Mozambican politician and rebel leader (died 2006)

 Francisco Xavier Marcelino (died 11 June 2006), nom de guerre José de Castro, was a Mozambican politician and former rebel leader who served as the director of external relations for the anti-communist RENAMO political movement, and later as a member of Mozambique's Assembly of the Republic (parliament).

Originally Marcelino was a clerk in the Zambezia Provincial Tribunal, but he was captured by RENAMO forces, took the name José de Castro, and eventually worked his way up in the hierarchy. In 1992 he became RENAMO's Director of External Affairs.

Following the Rome General Peace Accords (Acordo Geral de Paz or AGP), Dhlakama appointed de Casto as RENAMO's delegate at the Multi-Party Conference of 1993, which was charged with drawing up a new election law. His rejection of the FRELIMO proposed election law drew support from unaligned delegates, but stymied the conference which was adjourned sine die. Mozambique's new National Elections Commission (CNE) was only created after direct discussions between Dhlakama and Chissano. De Casto was rewarded for his steadfastness by being appointed RENAMO's head delegate in the CNE, a position he held from 1994 until 2004. De Casto only resigned in 2004 in order to run for parliament as a RENAMO candidate that year.

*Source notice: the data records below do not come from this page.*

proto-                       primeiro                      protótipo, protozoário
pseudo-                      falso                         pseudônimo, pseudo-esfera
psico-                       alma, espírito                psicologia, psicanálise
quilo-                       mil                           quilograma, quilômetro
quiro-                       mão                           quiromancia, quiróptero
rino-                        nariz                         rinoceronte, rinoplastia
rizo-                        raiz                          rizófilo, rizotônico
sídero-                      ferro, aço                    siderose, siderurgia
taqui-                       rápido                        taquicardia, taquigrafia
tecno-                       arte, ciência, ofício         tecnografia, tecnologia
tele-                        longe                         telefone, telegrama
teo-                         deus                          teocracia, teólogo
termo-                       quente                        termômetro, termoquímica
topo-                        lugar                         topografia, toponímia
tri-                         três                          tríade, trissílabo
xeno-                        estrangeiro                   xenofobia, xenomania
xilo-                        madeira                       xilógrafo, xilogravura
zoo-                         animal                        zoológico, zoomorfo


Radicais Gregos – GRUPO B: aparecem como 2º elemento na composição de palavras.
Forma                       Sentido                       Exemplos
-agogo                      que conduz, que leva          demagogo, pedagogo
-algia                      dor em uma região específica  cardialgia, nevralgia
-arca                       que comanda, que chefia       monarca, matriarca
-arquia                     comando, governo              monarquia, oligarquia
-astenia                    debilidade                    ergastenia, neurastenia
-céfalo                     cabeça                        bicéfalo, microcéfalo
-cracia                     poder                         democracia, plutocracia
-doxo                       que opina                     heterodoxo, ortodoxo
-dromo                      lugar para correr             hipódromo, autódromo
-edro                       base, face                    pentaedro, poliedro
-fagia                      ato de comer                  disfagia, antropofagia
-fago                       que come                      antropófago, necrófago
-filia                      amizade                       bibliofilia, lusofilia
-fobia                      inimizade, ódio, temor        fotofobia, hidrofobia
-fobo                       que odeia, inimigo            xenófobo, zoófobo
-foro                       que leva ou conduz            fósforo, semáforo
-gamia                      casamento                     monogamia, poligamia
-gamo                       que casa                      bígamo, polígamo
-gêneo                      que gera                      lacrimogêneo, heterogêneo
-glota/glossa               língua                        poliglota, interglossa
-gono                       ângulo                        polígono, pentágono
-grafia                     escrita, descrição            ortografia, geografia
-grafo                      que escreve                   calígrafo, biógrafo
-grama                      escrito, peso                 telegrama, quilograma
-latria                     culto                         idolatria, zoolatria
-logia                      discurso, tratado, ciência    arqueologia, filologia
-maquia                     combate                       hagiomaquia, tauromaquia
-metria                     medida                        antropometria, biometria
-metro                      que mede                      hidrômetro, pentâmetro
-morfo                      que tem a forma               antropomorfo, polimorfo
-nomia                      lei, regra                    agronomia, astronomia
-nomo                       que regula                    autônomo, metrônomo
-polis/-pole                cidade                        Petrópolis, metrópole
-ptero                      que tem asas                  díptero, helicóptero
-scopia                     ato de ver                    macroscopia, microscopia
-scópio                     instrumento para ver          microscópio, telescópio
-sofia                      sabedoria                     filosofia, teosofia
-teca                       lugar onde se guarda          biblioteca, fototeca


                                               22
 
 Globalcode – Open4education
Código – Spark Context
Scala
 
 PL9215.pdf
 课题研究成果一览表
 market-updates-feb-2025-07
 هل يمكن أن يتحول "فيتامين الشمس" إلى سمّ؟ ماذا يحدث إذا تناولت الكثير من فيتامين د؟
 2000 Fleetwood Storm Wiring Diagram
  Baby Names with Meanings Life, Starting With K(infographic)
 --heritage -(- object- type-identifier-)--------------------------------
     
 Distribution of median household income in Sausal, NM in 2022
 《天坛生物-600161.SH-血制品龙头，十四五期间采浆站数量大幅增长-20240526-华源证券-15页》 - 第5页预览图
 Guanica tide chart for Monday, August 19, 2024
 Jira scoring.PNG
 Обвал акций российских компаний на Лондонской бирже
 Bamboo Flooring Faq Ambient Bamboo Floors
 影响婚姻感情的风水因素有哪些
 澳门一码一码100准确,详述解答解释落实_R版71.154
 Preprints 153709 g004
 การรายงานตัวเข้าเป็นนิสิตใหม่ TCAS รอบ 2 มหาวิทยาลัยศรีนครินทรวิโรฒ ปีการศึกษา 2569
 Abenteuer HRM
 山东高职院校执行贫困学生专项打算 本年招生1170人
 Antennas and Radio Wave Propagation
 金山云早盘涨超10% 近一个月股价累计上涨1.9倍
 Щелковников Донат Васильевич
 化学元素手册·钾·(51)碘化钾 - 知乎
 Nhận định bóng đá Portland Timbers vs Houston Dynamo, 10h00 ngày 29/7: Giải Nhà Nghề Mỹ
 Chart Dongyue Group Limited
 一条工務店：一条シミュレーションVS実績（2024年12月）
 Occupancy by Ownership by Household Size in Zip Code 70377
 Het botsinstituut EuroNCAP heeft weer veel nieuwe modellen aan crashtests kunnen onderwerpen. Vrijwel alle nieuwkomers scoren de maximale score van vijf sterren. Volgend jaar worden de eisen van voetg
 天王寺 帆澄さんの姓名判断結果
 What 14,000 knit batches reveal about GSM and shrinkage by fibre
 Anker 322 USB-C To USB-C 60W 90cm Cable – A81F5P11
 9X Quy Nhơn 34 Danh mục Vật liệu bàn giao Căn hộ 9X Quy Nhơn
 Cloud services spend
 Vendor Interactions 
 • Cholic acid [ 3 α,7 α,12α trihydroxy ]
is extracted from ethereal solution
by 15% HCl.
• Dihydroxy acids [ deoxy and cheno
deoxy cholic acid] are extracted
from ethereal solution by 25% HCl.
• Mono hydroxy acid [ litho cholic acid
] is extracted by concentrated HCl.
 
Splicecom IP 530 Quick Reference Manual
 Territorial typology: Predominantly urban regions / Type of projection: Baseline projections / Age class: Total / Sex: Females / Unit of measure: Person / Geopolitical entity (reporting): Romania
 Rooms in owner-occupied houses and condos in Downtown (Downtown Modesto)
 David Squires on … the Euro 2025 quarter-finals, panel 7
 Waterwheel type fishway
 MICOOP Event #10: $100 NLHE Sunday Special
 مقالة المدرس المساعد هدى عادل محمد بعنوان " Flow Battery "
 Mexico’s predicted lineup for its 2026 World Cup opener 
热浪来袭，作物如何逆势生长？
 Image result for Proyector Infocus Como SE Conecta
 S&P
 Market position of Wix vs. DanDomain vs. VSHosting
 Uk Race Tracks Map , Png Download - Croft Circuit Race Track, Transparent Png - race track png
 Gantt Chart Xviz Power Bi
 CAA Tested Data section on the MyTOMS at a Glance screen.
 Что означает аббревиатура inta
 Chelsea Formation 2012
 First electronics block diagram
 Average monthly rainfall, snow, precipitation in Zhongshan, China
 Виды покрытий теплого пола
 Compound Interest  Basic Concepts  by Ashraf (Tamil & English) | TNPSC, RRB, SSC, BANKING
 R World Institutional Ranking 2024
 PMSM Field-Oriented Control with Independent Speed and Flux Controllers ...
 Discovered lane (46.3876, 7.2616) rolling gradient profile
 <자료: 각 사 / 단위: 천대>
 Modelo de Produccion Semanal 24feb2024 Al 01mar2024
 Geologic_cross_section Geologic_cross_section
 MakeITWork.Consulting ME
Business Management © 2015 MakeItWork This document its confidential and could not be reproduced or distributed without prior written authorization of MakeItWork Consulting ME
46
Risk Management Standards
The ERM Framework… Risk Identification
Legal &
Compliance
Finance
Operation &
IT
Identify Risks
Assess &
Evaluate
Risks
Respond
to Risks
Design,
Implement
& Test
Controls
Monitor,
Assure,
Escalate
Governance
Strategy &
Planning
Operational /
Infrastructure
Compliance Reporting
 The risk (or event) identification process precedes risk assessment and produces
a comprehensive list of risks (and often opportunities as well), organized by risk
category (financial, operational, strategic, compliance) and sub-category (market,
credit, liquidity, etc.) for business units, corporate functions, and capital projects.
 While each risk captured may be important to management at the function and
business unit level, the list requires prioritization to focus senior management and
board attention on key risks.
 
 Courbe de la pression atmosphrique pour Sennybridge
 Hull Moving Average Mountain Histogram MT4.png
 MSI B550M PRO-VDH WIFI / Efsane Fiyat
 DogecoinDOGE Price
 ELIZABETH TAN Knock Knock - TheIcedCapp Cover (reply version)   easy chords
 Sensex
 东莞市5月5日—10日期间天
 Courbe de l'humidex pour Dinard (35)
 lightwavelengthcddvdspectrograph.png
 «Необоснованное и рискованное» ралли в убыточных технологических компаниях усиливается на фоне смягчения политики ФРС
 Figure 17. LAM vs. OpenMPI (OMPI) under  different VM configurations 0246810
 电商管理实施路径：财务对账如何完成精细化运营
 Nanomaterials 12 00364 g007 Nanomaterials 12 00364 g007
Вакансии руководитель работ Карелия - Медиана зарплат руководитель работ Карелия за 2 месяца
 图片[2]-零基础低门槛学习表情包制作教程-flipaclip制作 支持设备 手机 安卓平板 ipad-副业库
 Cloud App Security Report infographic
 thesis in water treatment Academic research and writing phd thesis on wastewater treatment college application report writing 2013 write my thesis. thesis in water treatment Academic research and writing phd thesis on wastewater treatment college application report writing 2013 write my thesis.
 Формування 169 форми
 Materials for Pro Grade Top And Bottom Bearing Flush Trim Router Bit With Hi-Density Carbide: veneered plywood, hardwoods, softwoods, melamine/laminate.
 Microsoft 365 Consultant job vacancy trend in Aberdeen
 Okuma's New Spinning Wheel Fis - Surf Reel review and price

De Castro was General Secretary of RENAMO from 1995 to January 1998, when he was removed because Dhlakama said he wanted the party to be "more flexible". In November 2001, de Castro was elected into the party's Political Commission.

In the 2004 elections de Castro, as Francisco Marcelino, won a seat in the Assembly of the Republic from Nampula Province. He died in June 2006 before completing his five-year term.